There are a lot of ministers and people trumpeting Christianity down there. I hope some of them remember that this is a religion of forgiveness, grace, and peace — remember that turning the other cheek thing, folks. Unfortunately, though, it is the men of the cloth who’ve been the angriest on TV.
I’ll bet we’ll see shrines beyond those for Elian Gonzalez. This story will not end soon.
What I’m really afraid of is that Fox will bring back John Edwards, the flim-flam TV man who says he talks to the dead — yes, they interviewed even him on this story. Then we’ll hear Terri speak.
Jon Stewart says: “The Schiavo feeding tube will soon be removed from the cable news networks.” (Make sure to watch it.)

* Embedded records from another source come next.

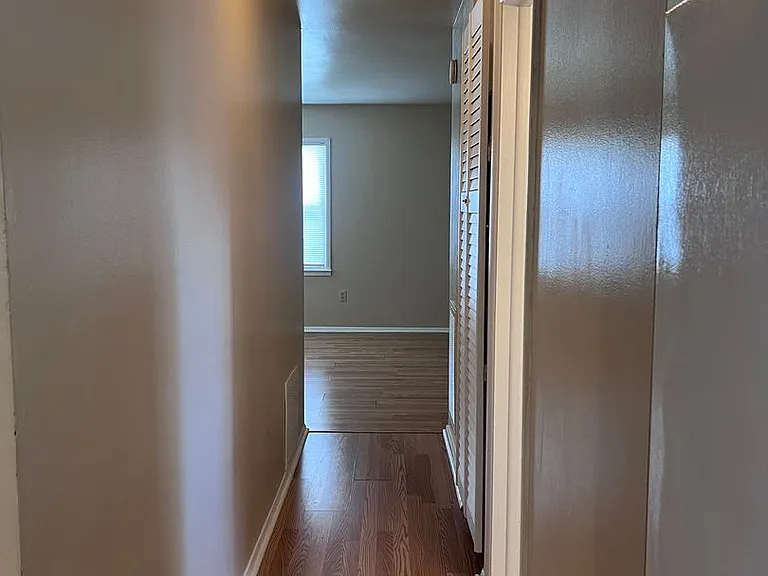 130 South Ave — Photo 8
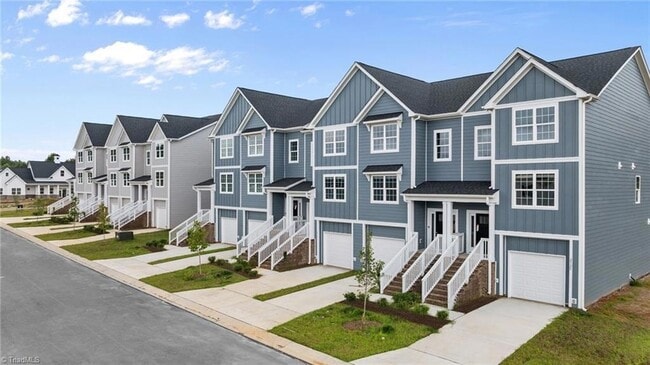 Photo - 1729 University Dr Unit D1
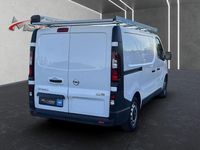 Gebraucht Opel Vivaro 121 PS (88 kW) 2018 Weiß Van / Kleinbus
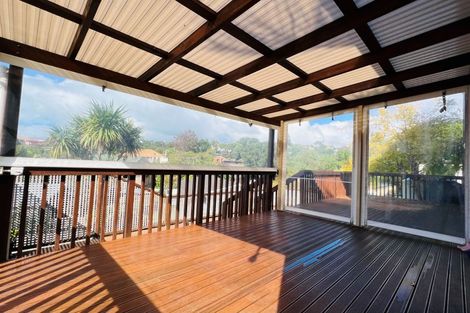 Photo of property in 701a Beach Road, Rothesay Bay, Auckland, 0630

Now, of course, I was part of that feeding frenzy, doing reports on what the blogs said about Schiavo for MSNBC. I did that once, earlier in the story, and found lots of prayers and really nothing being said on the other side; there wasn’t an other side online TV wants another side. They asked me to do it again, later, and I protested that we wouldn’t see anything new, just more prayers; we wouldn’t see two sides and cable news wants two sides. But I was wrong. In the meantime, Congress got involved; the story was now not just a media spectacle but also a political spectacle. Now there was plenty of talk on the blogs about the politics, the ethics, living wills, media. The comments in this blog alone exploded with discussion. The people were indeed talking about the story. So I reported it… more than once. (I leave it to you to judge my culpability in adding to the spectacle.)

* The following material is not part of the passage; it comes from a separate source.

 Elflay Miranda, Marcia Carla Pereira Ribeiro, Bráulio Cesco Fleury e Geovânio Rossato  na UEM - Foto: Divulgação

Last night on Connected, I was glad to see Ron Reagan go after the people who’ve issued the most inflammatory rhetoric, accusing the judges in the case of wanting to murder Schiavo. Ron also asked one of the guests during the same segment in which I reported, again, on what the blogs were saying: Is media overdoing this; is this spectacle media’s fault? I think he was as shocked as I was at the answer: The guest said no; the people were talking about this case and so it’s OK for media to talk about it.
Hmmm. Chicken: Meet egg.
This, we are learning, is the nature of 24-hour news. It’s no longer about picking the top stories and packaging them in a paper or a show. I’ve said before that we used to wait for the news to come to us and now the news waits for us to come to it. So now we turn on the TV and expect to see the hottest story. And each cable channel fears being the one on right then without the hottest story. So we all get the hottest story all the time. And the problem is that all “hottest stories” become equal: war = Terri Schiavo = Michael Jackson.
I’m not sure what the solution to that is. I’d like to see one of them try a format that guarantees the rest of the news, what else is happening in the world. I’d watch that.
In the meantime, in the Schiavo story, I hope we see some restraint from the participants and from the media. We’ll see….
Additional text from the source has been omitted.